• _YOUR OBJECTIVE_
Repeat each line of the data below exactly, but skip the pictures.

• _GIVEN INFORMATION_
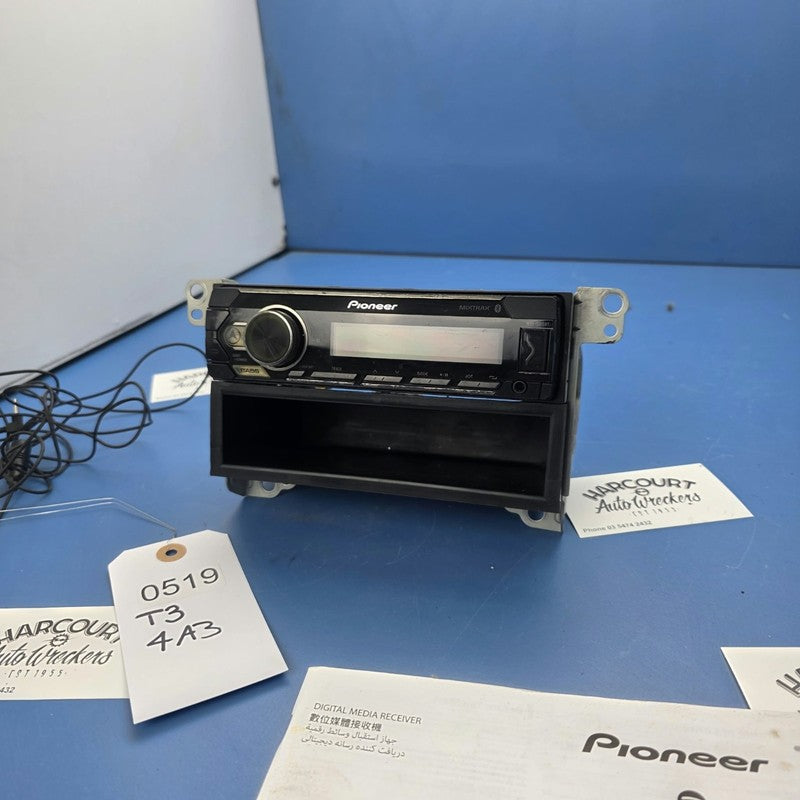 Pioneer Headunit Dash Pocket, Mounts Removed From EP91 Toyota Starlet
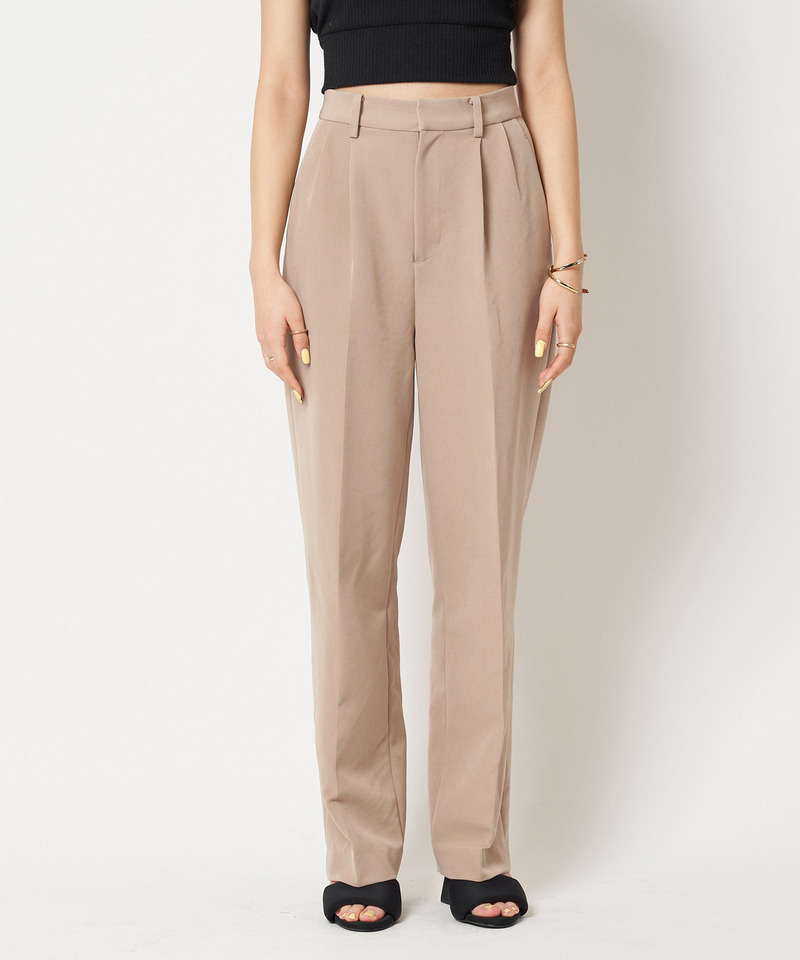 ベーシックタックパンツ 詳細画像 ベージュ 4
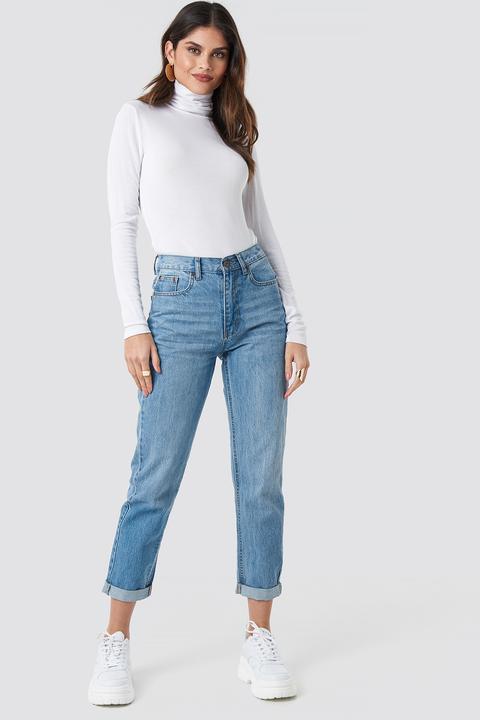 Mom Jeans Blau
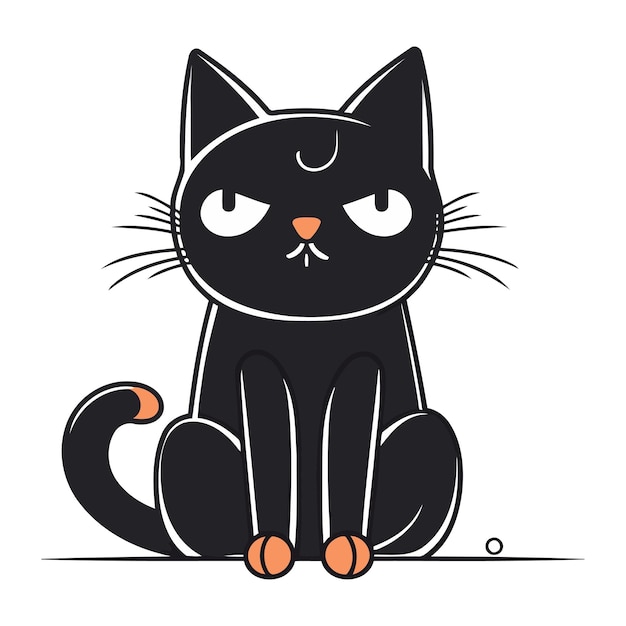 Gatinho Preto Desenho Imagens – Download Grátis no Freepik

• _EXERCISE OUTPUT_
 Pioneer Headunit Dash Pocket, Mounts Removed From EP91 Toyota Starlet
 ベーシックタックパンツ 詳細画像 ベージュ 4
 Mom Jeans Blau
 Gatinho Preto Desenho Imagens – Download Grátis no Freepik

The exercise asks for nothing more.